HyperFrames: Write HTML to Render Video – The AI-Native Video Framework

Write HTML. Render video. Built for agents. Contribute to heygen-com/hyperframes development by creating an account on GitHub.

Write HTML. Render video. Built for agents.

That’s the promise behind HyperFrames on GitHub, and honestly… it feels like a glimpse into where content creation is heading.

If you’ve ever tried to turn an idea into a polished video, you know the friction. Timelines. Keyframes. Export settings.
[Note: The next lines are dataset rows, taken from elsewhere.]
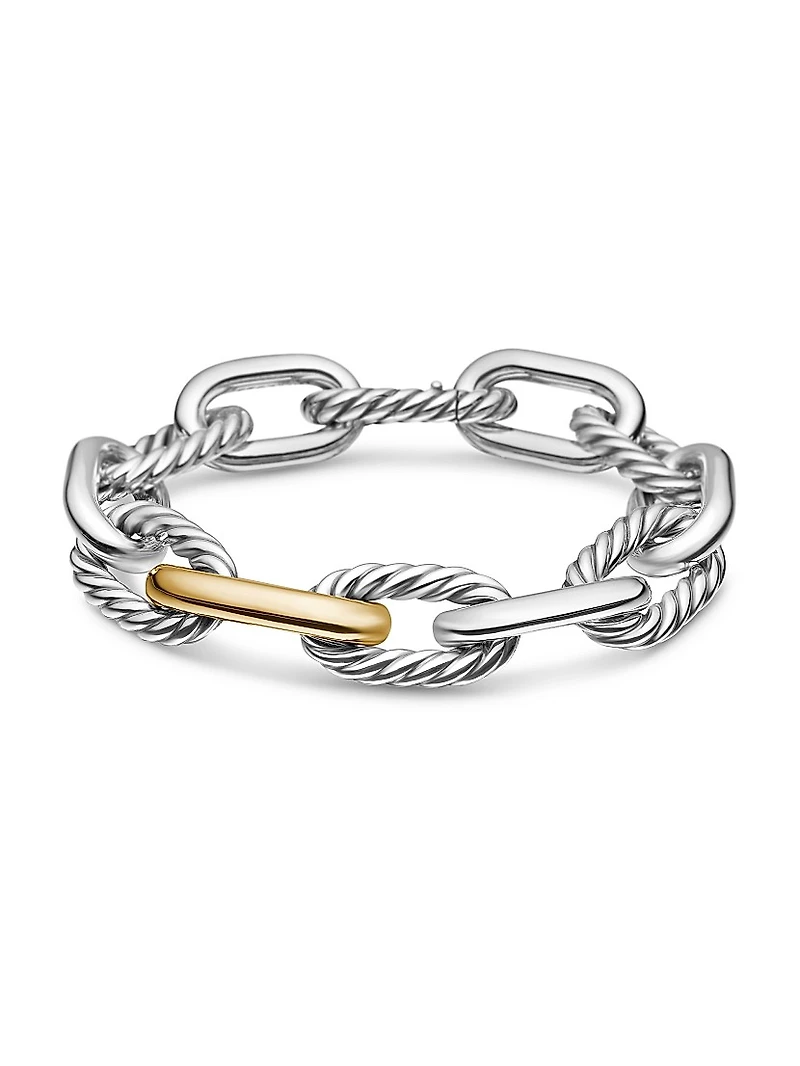 DY Madison Chain Bracelet in Sterling Silver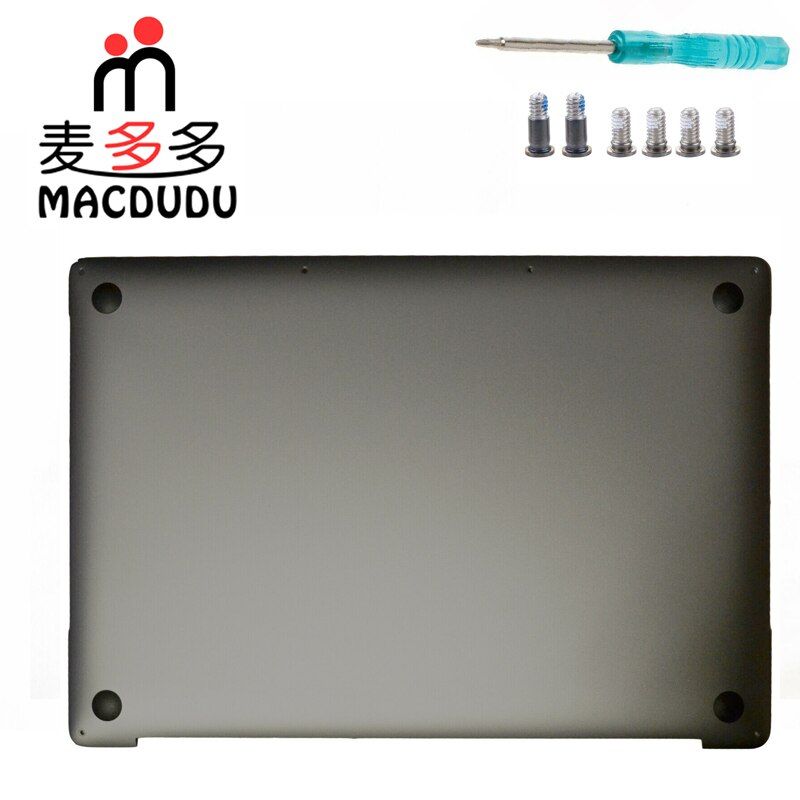 Grey Silver A1706 Bottom Case For Macbook Pro Retina 13" Lower Cover 613-05701-A 813-04195-04 2016 2017
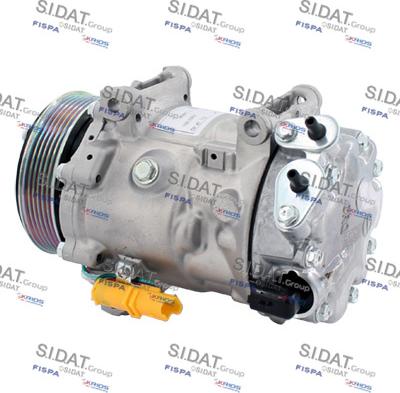 Sidat 1.1465A - Compressore, Climatizzatore www.autoricambit.com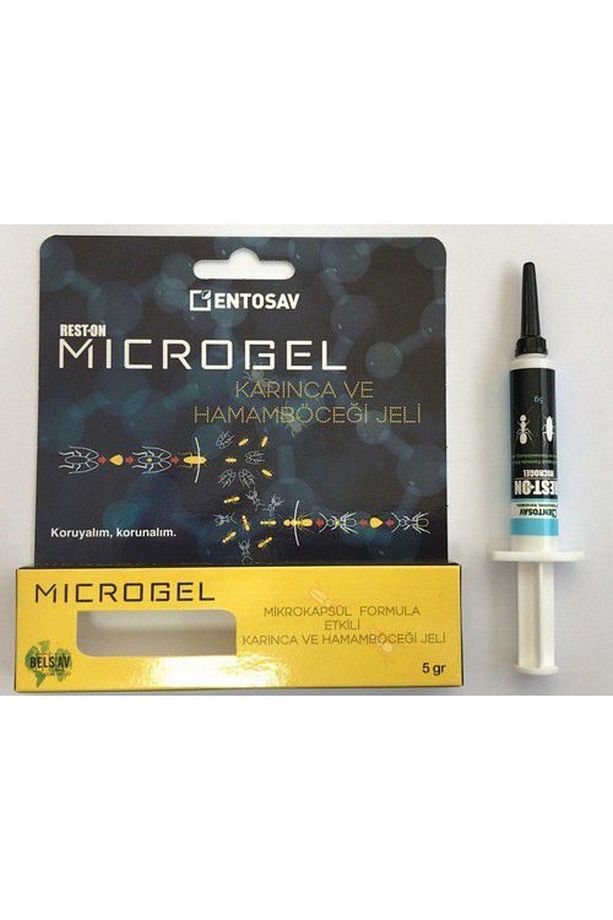 Hamam Böceği Ilacı Rest-on Microgel Jel 5 Gr. - 2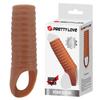 Baile Paidil 26275 Conjunto Crystal Fit Masculino com Rosca Conjunto Divertido Produtos Sexuais para Adultos Atacado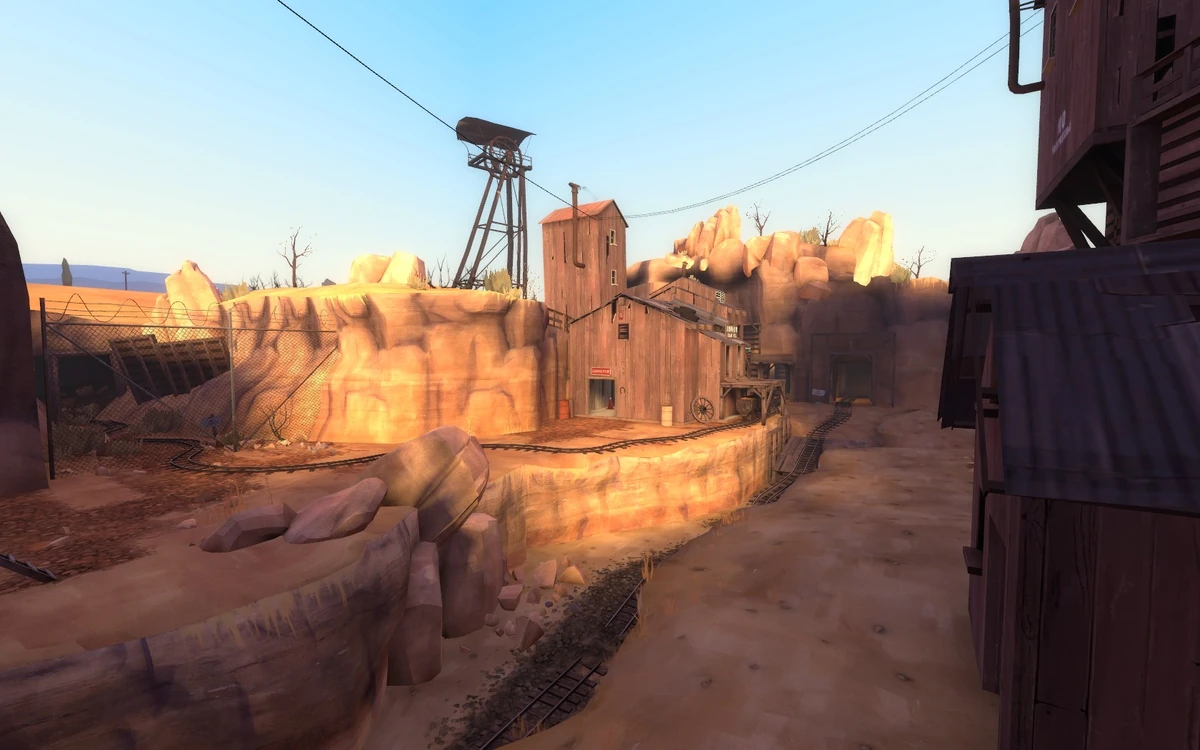Dustbowl The Team Fortress 2 Console Wiki Fandom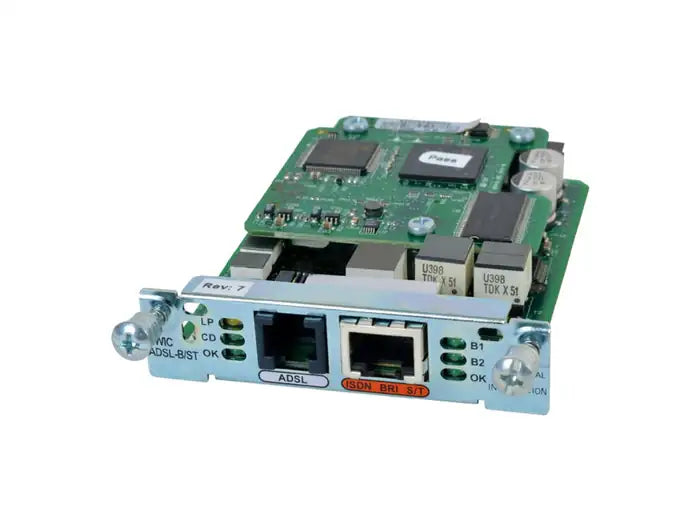 Refurbished | MODULE CISCO MODULE ADSL & ISDN HWIC-ADSLI-B/ST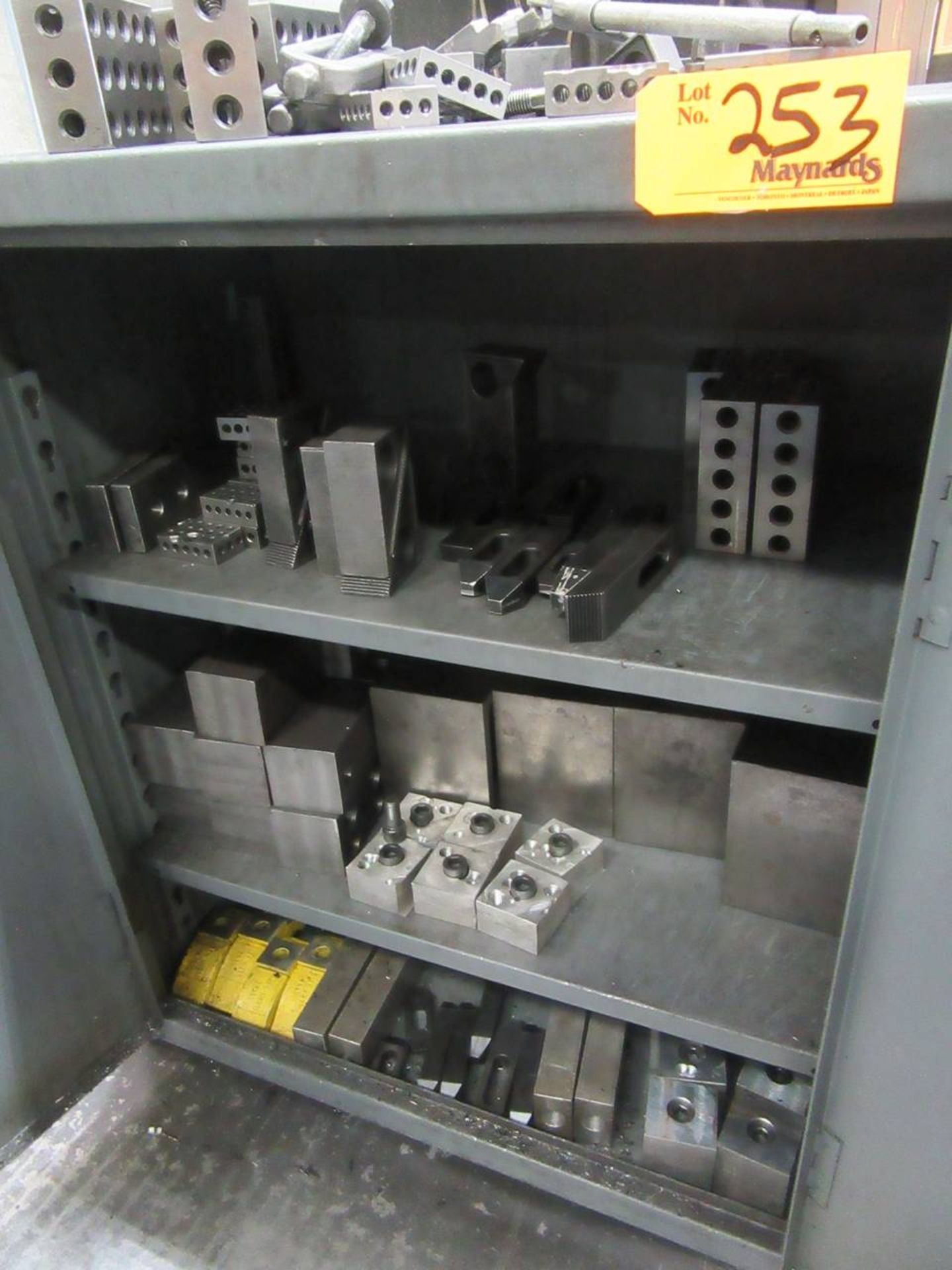 (2) Workbenches and cabinets with contents - Image 3 of 13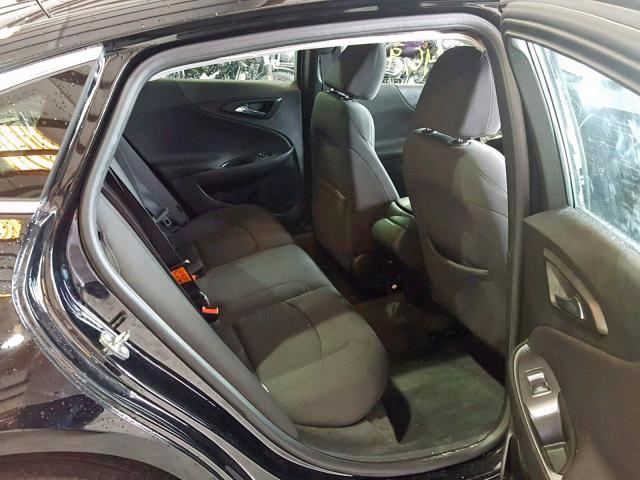 1G1ZB5ST6GF284269 - 2016 CHEVROLET MALIBU LS BLACK photo 6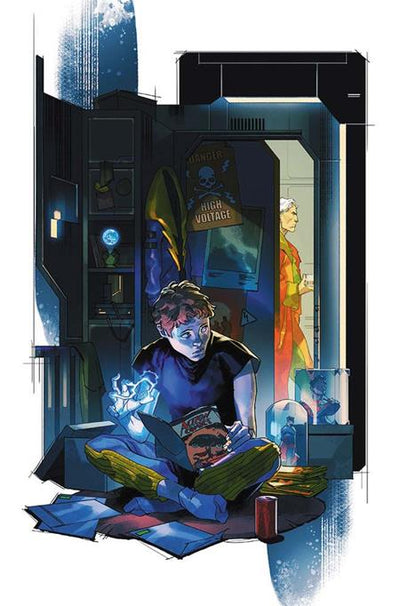 Legion of Super-heroes #1 Cover D Yasmine Putri Card Stock Variant (DC Comics, 2026)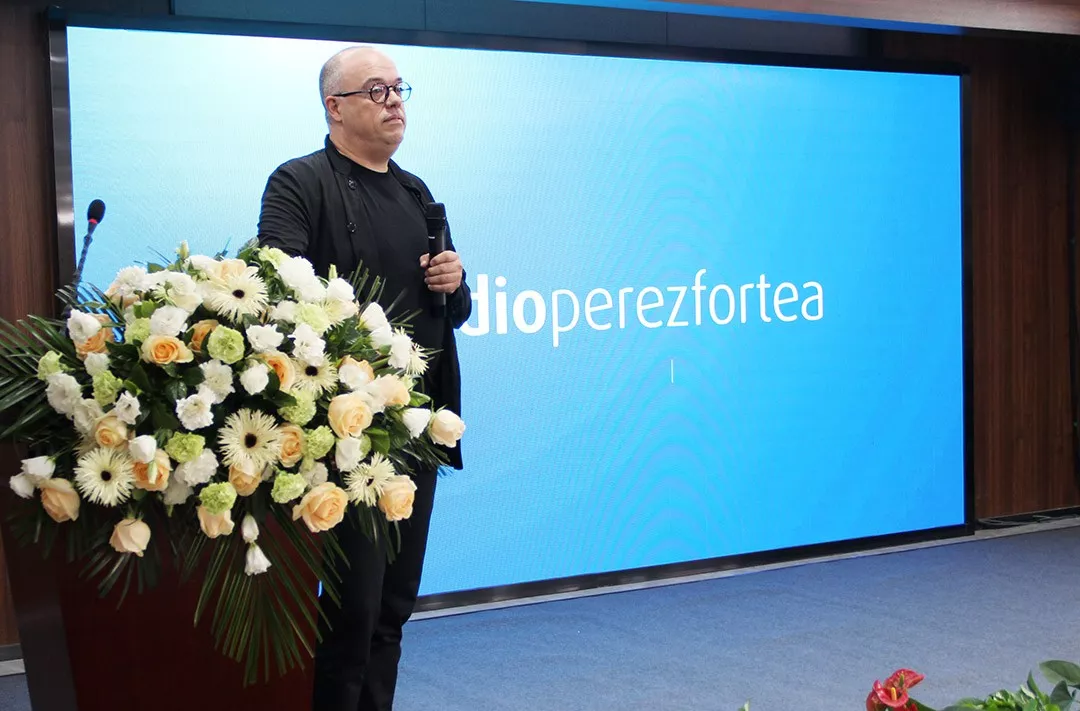 “中国家具协会设计创新培训基地”“信阳家居学院”挂牌仪式暨“设计创新与家具产业发展”国际论坛成功举办(图10)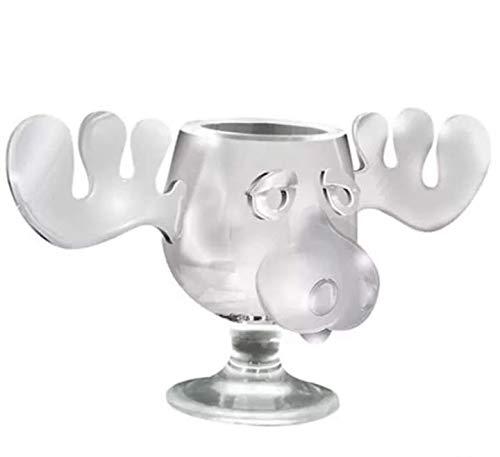 national lampoon\'s christmas vacation national lampoon's christmas vacation acrylic moose mug 2-pack 4.5 fl. oz each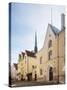 Old Town, UNESCO World Heritage Site, Tallinn, Estonia, Europe-Ben Pipe-Stretched Canvas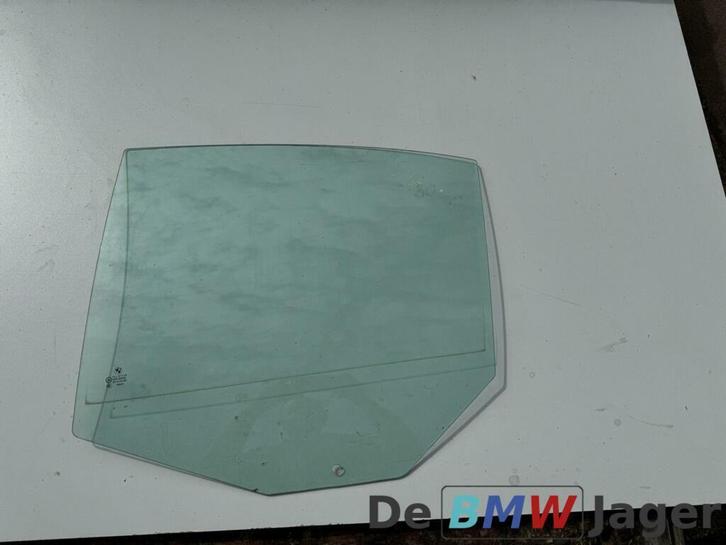 Zijruit links achter portier raam BMW E60 51357110635, Auto-onderdelen, Ruiten en Toebehoren, BMW, Gebruikt, Ophalen of Verzenden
Tiny adjustments that eat your afternoon. HyperFrames flips that process on its head. Instead of dragging clips around in a traditional editor, you write HTML and let the framework render it into video.

Yes, really.

At its core, HyperFrames is an open source video rendering framework. You define your scenes using HTML with special data attributes. You preview instantly in your browser. Then render to MP4 locally or even in Docker. Under the hood, it supports GSAP animations and comes with over 50 ready to use components, things like social overlays, shader transitions, data visualizations, cinematic effects.

But here’s where it gets interesting.

It’s built for AI agents.

You can install HyperFrames “skills” into tools like Claude Code, Cursor, Gemini CLI, or Codex. Then you simply describe what you want. For example, “Create a 10 second product intro with a fade in title and background music.” The agent scaffolds the composition, wires up the animation, and prepares it for rendering. You can iterate naturally, like you’re talking to a video editor. “Make the title bigger. Add a lower third at 0:03. Switch to dark mode.”

That shift matters. Instead of learning every animation rule yourself, you collaborate with an AI that understands the framework’s patterns.

Technically, you’ll need Node.js 22+ and FFmpeg. Practically, you need ideas.

What I appreciate most is the direction this points to. Video becomes programmable. Repeatable. Scalable. Imagine turning a CSV into an animated bar chart race, or summarizing a PDF into a pitch video, all through structured prompts.

We’re moving from manual editing to creative orchestration. And if you’re building content workflows, especially with AI in the loop, HyperFrames feels like a foundation worth exploring.